Committee chair: DFS likely to be in gaming bill
House Gaming Oversight Committee Chairman John Payne recently stated that the current plan was to include DFS is in a gaming expansion package that will be revisited in 2016. From OPR, on the legislature’s plans for DFS:
“They’ll come back with their recommendations and how we can regulate it and make it part of our gaming oversight,” Payne said. “We’re really trying to push that and have it as part of the gaming package” in the spring.
The fact that lawmakers in PA favor a casino-like approach for DFS operators is not a new development. Representative George Dunbar introduced legislation back in May that would allow casinos to offer DFS contests.
Once the daily fantasy sports industry came under increased scrutiny from public officials and in the media, Dunbar said he planned to amend his bill to make DFS operators wishing to accept users in PA to “partner with existing casinos already licensed by the Pennsylvania Gaming Control Board,” according to a report at the York Daily Record.
The new plan, according to Payne, will be to lump DFS into a much larger gaming bill, one that currently includes the legalization and regulation of online casino games and poker, among a number of other provisions that affect land-based gaming. That bill — HB 649 — had gotten some momentum as a possible source of revenue in the ongoing budget impasse, but that plan has reportedly been scrapped for now.
The prospects for DFS regulation in PA
The final form of how Pennsylvania will handle DFS is far from a settled matter. So far, however, the state’s lawmakers do not seem content to simply regulate the industry without licensing fees and taxes being applied — an idea that is being floated in both Massachusetts and Illinois.
However, despite the initial traction gained for certain approaches in different states, what states will do generally — and Pennsylvania specifically — is entirely up in the air. The PA House gaming committee held a hearing in November, but it was informational only in nature, and a formal regulatory bill has not yet been introduced. The legislators in that hearing gave few indications of what they were thinking.
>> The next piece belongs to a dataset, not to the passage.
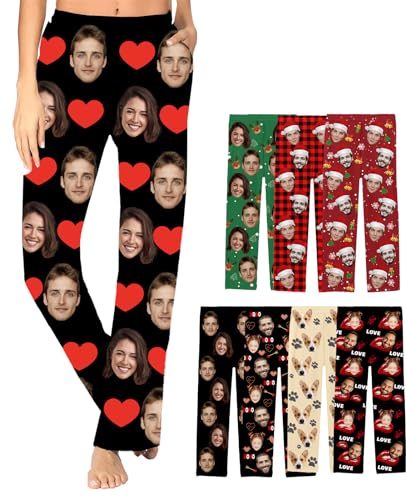 Personalized Custom Pajamas for Men Women - Funny Dog Cat Face Pajama Pants for Christmas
How might PA approach DFS?
There are several different possible outcomes for DFS as it pertains to legislation:
- It’s at least feasible that DFS is simply thrown into the online gambling language of HB 649, and treated exactly like online poker. That would be akin to a ban on DFS in the state however. The current licensing fee for a “significant vendor” — i.e. DraftKings or FanDuel — for online gaming is $2 million. It seems unlikely that either site, and certainly not a smaller operator, would cough up that kind of money to stay in PA.
- It’s also possible that DFS is given the same treatment as online gaming, generally, but licensing fees and taxes are lowered for DFS operators. If licensing fees and taxes for DFS come in lower than they would be for online gambling, that would make it far more palatable for operators to serve PA residents.
- DFS could get its own section in the legislation, with entirely different regulations, licensing fees and tax rates.
Would Pennsylvania be ring-fenced?
This is the biggest question that generally faces the DFS industry as states consider regulation. Will PA license DFS sites, but let them continue to operate on an interstate basis — rather than intrastate only?
The online gambling and poker approach for legislation is, by necessity, intrastate in nature. Pennsylvania could, in the future, join an interstate compact to offer online poker across state lines (currently Nevada and Delaware belong to such a compact).
The DFS industry, much like online poker, requires liquidity for generating meaningful revenue. The sites will not be very happy if PA tries to force them to operate on an island, keeping PA users cut off from the rest of the world. The state may not given them a choice, however.